アナーキズムは国家と社会を二元化し、国家を否定する。個人の自由を神聖なものとし、これを基盤にした社会の構築をはかる。社会主義は国家と社会の和解を可能だとする一方、アナーキズムは国家を否定する。著者によればアナーキズムは自由主義と社会主義の中間にあるという。
アナーキズムにはフランスの合理主義とドイツ観念論、そしてキリスト教の影響がみられる。アナーキズムの言説にはキリスト教的な要素が多くふくまれている。プルードンは正義というかたちでの絶対者を称賛する。

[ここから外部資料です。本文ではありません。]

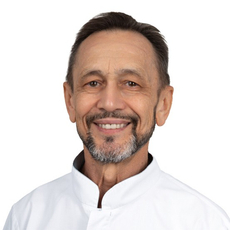 Вильданов Рамиль Ханифович, ЛОР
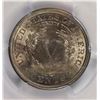 Image 3 : 1897 LIBERTY NICKEL PCGS AU 58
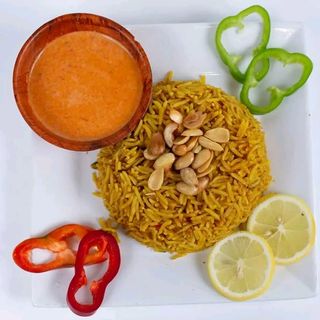 Riz Kabsa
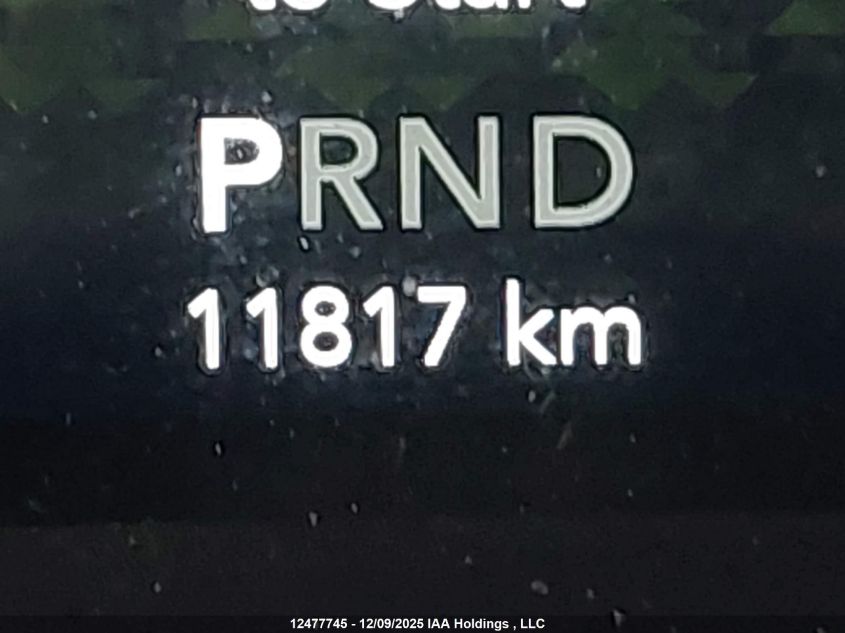 2024 Jeep Wrangler 4-Door Sahara VIN: 1C4PJXEG7RW224595 Lot: 12477745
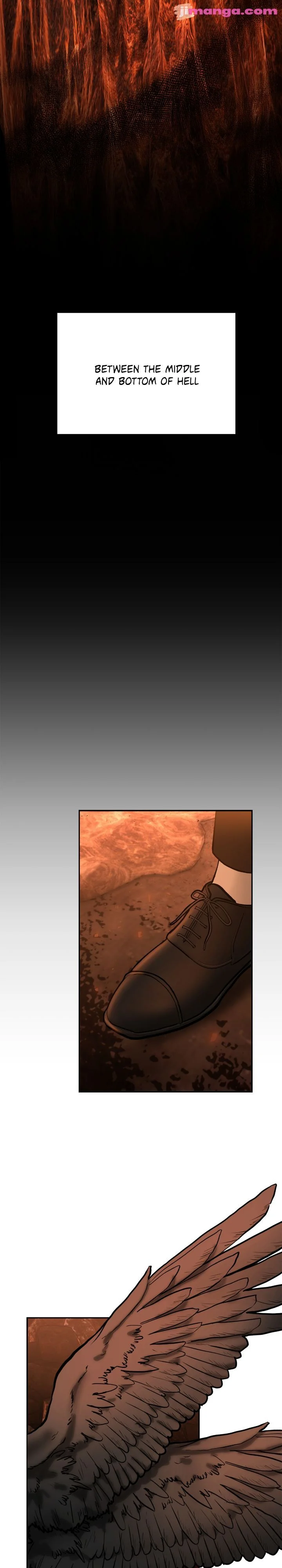 Call me the Devil Chapter 67 page 47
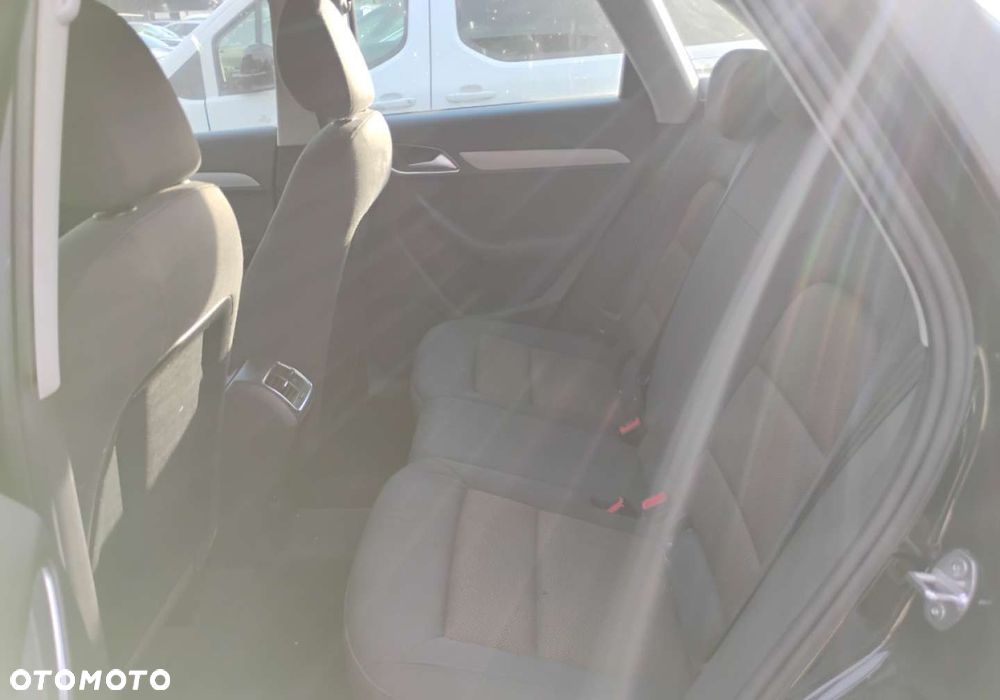 Audi Q3 - 10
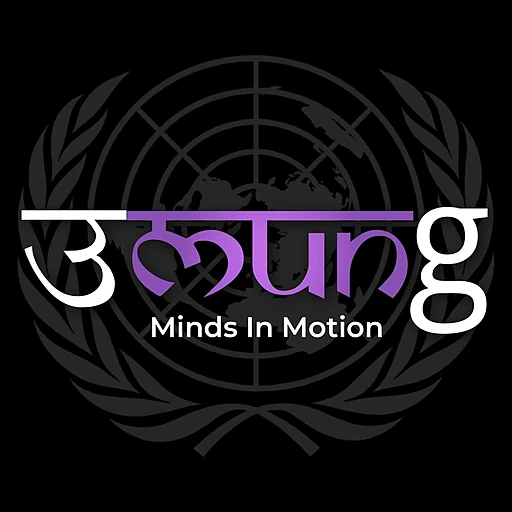 उMUNg 2024 logo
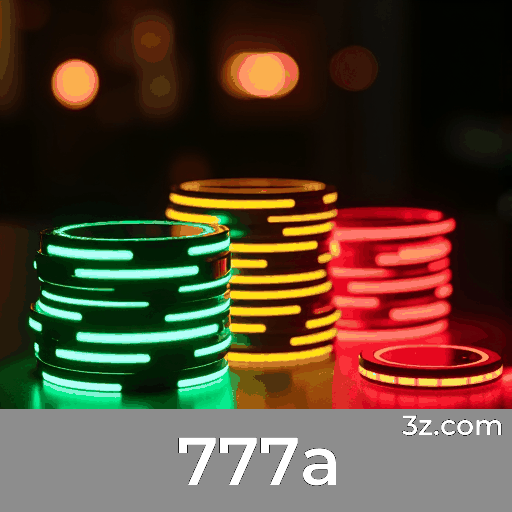 777a Logo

アナーキズムは社会契約説を虚構として否定する。個人の自発的な契約に基づいた、下層から組み立てられた社会を空想する。個人の自由、精神的自由は絶対である。
テロリズムは、無知蒙昧な群衆を目覚めさせるためにおこなわれる。アナキストは19世紀後半、国家の要人を多数殺害した。
プルードン、バクーニンら代表的な思想家、またアナーキズムとテロリズム運動のむすびつき、『革命家の教理問答』をかき、テロを煽動したネチャーエフについて、またアナーキズムに由来する実際の政治運動について説明されている。
ネチャーエフ以外さしたる興味をひかれなかった。